Caption-style text data:
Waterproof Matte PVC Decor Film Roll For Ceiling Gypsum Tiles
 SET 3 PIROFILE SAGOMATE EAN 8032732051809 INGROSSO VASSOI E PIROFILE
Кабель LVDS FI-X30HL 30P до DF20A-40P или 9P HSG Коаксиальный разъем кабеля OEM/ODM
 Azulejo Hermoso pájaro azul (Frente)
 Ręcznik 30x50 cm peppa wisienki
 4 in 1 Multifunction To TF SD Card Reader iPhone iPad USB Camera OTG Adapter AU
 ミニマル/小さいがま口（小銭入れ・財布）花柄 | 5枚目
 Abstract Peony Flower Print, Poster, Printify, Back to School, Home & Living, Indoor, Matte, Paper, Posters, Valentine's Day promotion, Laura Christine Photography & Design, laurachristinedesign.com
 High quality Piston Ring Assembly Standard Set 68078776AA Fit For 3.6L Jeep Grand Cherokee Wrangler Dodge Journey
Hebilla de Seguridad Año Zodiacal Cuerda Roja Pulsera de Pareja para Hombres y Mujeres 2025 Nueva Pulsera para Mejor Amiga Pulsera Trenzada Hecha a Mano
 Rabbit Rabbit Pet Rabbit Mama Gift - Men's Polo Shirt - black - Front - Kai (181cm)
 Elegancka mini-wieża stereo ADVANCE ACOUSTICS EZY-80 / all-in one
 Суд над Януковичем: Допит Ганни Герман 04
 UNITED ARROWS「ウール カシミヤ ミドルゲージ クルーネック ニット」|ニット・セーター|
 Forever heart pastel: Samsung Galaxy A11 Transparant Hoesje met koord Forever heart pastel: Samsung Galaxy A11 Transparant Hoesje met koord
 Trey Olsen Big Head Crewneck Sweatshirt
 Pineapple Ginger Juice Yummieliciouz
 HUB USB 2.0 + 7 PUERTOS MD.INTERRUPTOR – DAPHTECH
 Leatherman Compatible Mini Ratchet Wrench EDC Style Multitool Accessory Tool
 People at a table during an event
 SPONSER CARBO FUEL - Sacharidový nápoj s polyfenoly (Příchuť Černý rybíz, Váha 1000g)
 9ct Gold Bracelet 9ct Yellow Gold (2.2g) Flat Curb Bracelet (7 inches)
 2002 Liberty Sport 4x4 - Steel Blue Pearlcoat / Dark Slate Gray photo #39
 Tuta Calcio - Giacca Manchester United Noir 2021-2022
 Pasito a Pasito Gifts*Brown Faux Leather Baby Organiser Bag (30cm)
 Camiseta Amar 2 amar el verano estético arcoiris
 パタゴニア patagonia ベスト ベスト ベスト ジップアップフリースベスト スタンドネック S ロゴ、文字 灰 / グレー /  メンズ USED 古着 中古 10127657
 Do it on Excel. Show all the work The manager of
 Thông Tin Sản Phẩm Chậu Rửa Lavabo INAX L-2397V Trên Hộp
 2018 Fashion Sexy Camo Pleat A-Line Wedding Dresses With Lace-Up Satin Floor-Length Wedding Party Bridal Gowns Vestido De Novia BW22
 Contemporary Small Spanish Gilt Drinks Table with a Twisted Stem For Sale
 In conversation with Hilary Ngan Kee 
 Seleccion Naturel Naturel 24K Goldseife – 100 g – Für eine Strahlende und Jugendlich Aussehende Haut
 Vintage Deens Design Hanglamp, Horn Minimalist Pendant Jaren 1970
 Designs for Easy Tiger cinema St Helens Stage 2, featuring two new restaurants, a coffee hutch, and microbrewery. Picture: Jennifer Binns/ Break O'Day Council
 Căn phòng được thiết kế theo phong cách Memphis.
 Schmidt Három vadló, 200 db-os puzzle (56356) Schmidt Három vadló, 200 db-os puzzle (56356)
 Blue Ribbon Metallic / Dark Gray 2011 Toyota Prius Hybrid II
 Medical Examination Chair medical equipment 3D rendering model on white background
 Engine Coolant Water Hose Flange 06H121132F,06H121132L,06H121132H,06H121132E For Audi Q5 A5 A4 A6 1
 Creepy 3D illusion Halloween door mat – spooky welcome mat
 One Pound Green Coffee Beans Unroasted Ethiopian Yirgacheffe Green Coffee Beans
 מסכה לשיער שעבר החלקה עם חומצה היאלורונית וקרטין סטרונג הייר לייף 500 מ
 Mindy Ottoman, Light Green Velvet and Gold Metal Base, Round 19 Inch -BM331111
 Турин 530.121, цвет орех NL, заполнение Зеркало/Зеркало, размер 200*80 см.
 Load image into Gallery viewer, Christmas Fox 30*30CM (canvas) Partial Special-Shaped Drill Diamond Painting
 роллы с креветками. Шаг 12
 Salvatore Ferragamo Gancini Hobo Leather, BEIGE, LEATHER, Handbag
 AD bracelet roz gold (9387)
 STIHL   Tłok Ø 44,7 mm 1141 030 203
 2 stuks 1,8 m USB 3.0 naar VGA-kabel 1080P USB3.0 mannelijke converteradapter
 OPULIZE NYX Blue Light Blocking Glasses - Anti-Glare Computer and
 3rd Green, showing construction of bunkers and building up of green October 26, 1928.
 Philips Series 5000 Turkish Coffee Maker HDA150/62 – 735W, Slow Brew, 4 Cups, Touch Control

Your objective: Reproduce exactly the entries above, limited to the lines from the one with "Contemporary Small Spanish" through the one with "OPULIZE NYX Blue", both included.

Response to the task:
 Contemporary Small Spanish Gilt Drinks Table with a Twisted Stem For Sale
 In conversation with Hilary Ngan Kee 
 Seleccion Naturel Naturel 24K Goldseife – 100 g – Für eine Strahlende und Jugendlich Aussehende Haut
 Vintage Deens Design Hanglamp, Horn Minimalist Pendant Jaren 1970
 Designs for Easy Tiger cinema St Helens Stage 2, featuring two new restaurants, a coffee hutch, and microbrewery. Picture: Jennifer Binns/ Break O'Day Council
 Căn phòng được thiết kế theo phong cách Memphis.
 Schmidt Három vadló, 200 db-os puzzle (56356) Schmidt Három vadló, 200 db-os puzzle (56356)
 Blue Ribbon Metallic / Dark Gray 2011 Toyota Prius Hybrid II
 Medical Examination Chair medical equipment 3D rendering model on white background
 Engine Coolant Water Hose Flange 06H121132F,06H121132L,06H121132H,06H121132E For Audi Q5 A5 A4 A6 1
 Creepy 3D illusion Halloween door mat – spooky welcome mat
 One Pound Green Coffee Beans Unroasted Ethiopian Yirgacheffe Green Coffee Beans
 מסכה לשיער שעבר החלקה עם חומצה היאלורונית וקרטין סטרונג הייר לייף 500 מ
 Mindy Ottoman, Light Green Velvet and Gold Metal Base, Round 19 Inch -BM331111
 Турин 530.121, цвет орех NL, заполнение Зеркало/Зеркало, размер 200*80 см.
 Load image into Gallery viewer, Christmas Fox 30*30CM (canvas) Partial Special-Shaped Drill Diamond Painting
 роллы с креветками. Шаг 12
 Salvatore Ferragamo Gancini Hobo Leather, BEIGE, LEATHER, Handbag
 AD bracelet roz gold (9387)
 STIHL   Tłok Ø 44,7 mm 1141 030 203
 2 stuks 1,8 m USB 3.0 naar VGA-kabel 1080P USB3.0 mannelijke converteradapter
 OPULIZE NYX Blue Light Blocking Glasses - Anti-Glare Computer and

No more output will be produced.